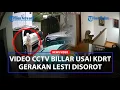 Download Lagu BOCOR CCTV Rizky Billar Usai Lakukan KDRT, Gerak-gerik Lesti Kejora Jadi Sorotan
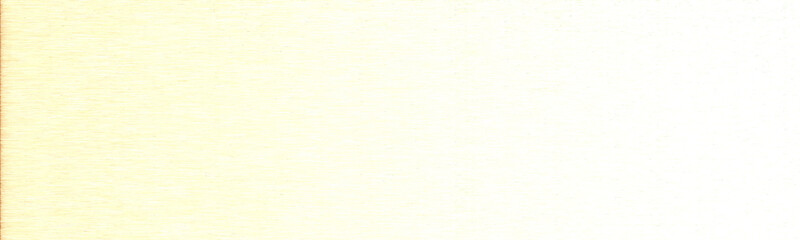 colors: tawny and forest green.  grain,  metal,  paint,  material,  beauty,  soft. 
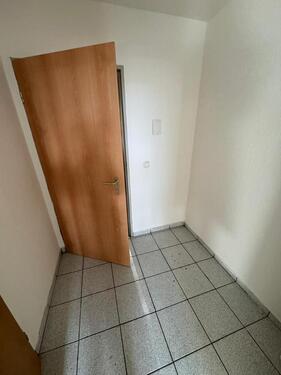 Foto - Etagenwohnung in Aachen zur Miete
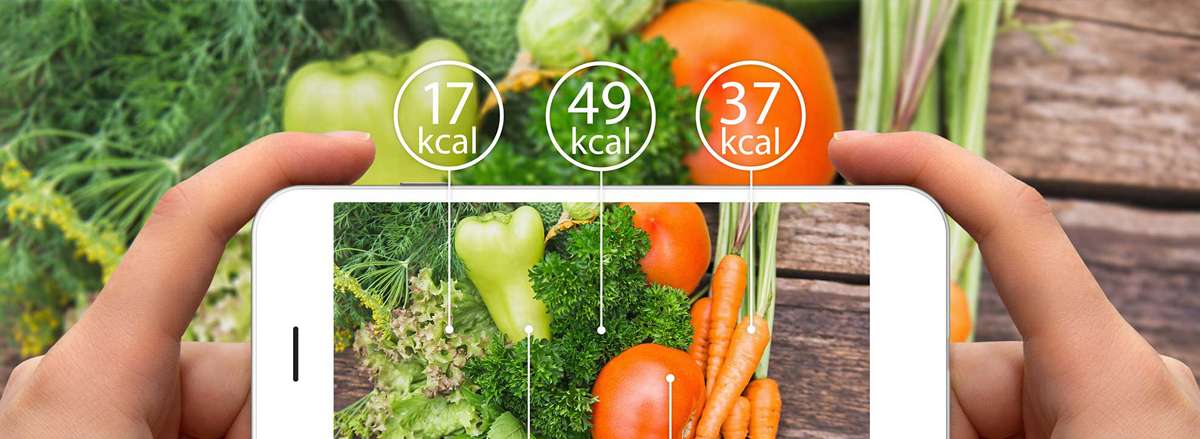 calories la gi bang tinh calories trong cac thuc an hang ngay (1)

● ● ●

> WHAT THE EXERCISE ASKS
Repeat the material exactly. Skip the images.

> EXERCISE RESULT
 Download Lagu BOCOR CCTV Rizky Billar Usai Lakukan KDRT, Gerak-gerik Lesti Kejora Jadi Sorotan
 colors: tawny and forest green.  grain,  metal,  paint,  material,  beauty,  soft. 
 Foto - Etagenwohnung in Aachen zur Miete
 calories la gi bang tinh calories trong cac thuc an hang ngay (1)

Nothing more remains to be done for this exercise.